In der Midlife-crisis kann unsere ganze, männliche Welt zusammenbrechen. Ein Herzinfarkt, eine Affäre oder Kündigung des Jobs … alles kann auf den Kopf gestellt werden. Und selbst, wenn augenscheinlich nichts Großes im Außen passiert, unsere inneren, maskulinen Welten geraten gehörig in Aufruhr … und das ist gut so.
Jeder Mann in seiner Lebensmitte erlebt auf die eine oder andere Weise diesen Umbruch. Wenn die Kinder ihren Weg gehen und die Partnerin vielleicht ihre eigene Karriere verfolgt, werden wir gezwungen unser Leben neu auszurichten. Wir Männer wehren uns oft dagegen. Wir wollen uns nicht unbedingt verändern. Das ist meistens unbequem und anstrengend. Außerdem wollen wir weiter unsere eingeübten Rollen spielen: Den Macher im Beruf, den Herren im Haus, den coolen Vater, den potenten Liebhaber usw.
Aber das funktioniert nicht. Und wenn wir uns nicht freiwillig auf den (inneren) Weg machen, dann wirft uns eben das Leben selbst Prügel zwischen die Beine und wir müssen auf die harte Tour lernen.
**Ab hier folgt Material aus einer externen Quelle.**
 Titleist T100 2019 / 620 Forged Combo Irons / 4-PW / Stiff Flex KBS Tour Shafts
Unsere Innenwelt fordert uns auf einen neuen Weg zu gehen. Kein Kämpfer oder Krieger sein. Kein Messen von Schwanzlängen.
In der zweiten Lebenshälfte geht es um das, was C.G. Jung die „Anima“ genannt hat. Es geht u.a. um Kommunikation, Gefühle, Empathie, Einfühlungsvermögen und nicht zuletzt um Sinnlichkeit (also ein ganzheitliches Erfahren der erotischen Energie).
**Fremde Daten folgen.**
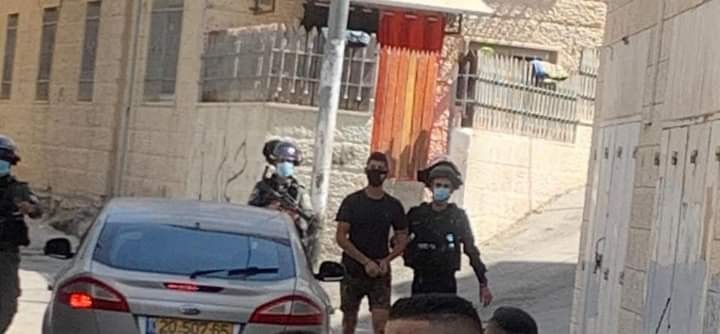 Palestinian under house arrest detained by Israeli police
Der kämpferische Held hat Pause. Der König will auf den Thron steigen.
In der ersten Lebenshälfte haben wir die Weiblichkeit hauptsächlich über die Frauen in unserem Leben erfahren. Zu Beginn natürlich über die eigene Mutter, später über Freundinnen und Partnerinnen.
Jetzt möchte das Weibliche in unserem Inneren erforscht und erweckt werden. Das ist für uns Männer lebenswichtig um „ganz“ zu werden.
Ist das einfach? Nein. Macht es Angst? Ja.
Die Anima bringt unser männliches Selbstbild gehörig ins Wanken. Sie verlangt es hinter die Masken zu schauen und die lächerlichen Rollen aufzugeben. Und es kann weh tun sich selbst nackt im Spiegel zu betrachten. Alte Muster und Ängste steigen dabei hoch.
Gerade wir Männer sind so tief mit unserer Mutter verbunden, der ersten Frau in unserem Leben. Viele Männer schaffen es ihr Leben lang nicht diese Nabelschnur zur Mutter zu durchtrennen. Die Anima in uns lässt diese uralten Mutterbilder und Abhängigkeiten wieder an die Oberfläche steigen. Und je mehr wir als Männer versuchen unsere weiblichen Anteile zu verdrängen, desto stärker (und negativer) brechen diese nach außen.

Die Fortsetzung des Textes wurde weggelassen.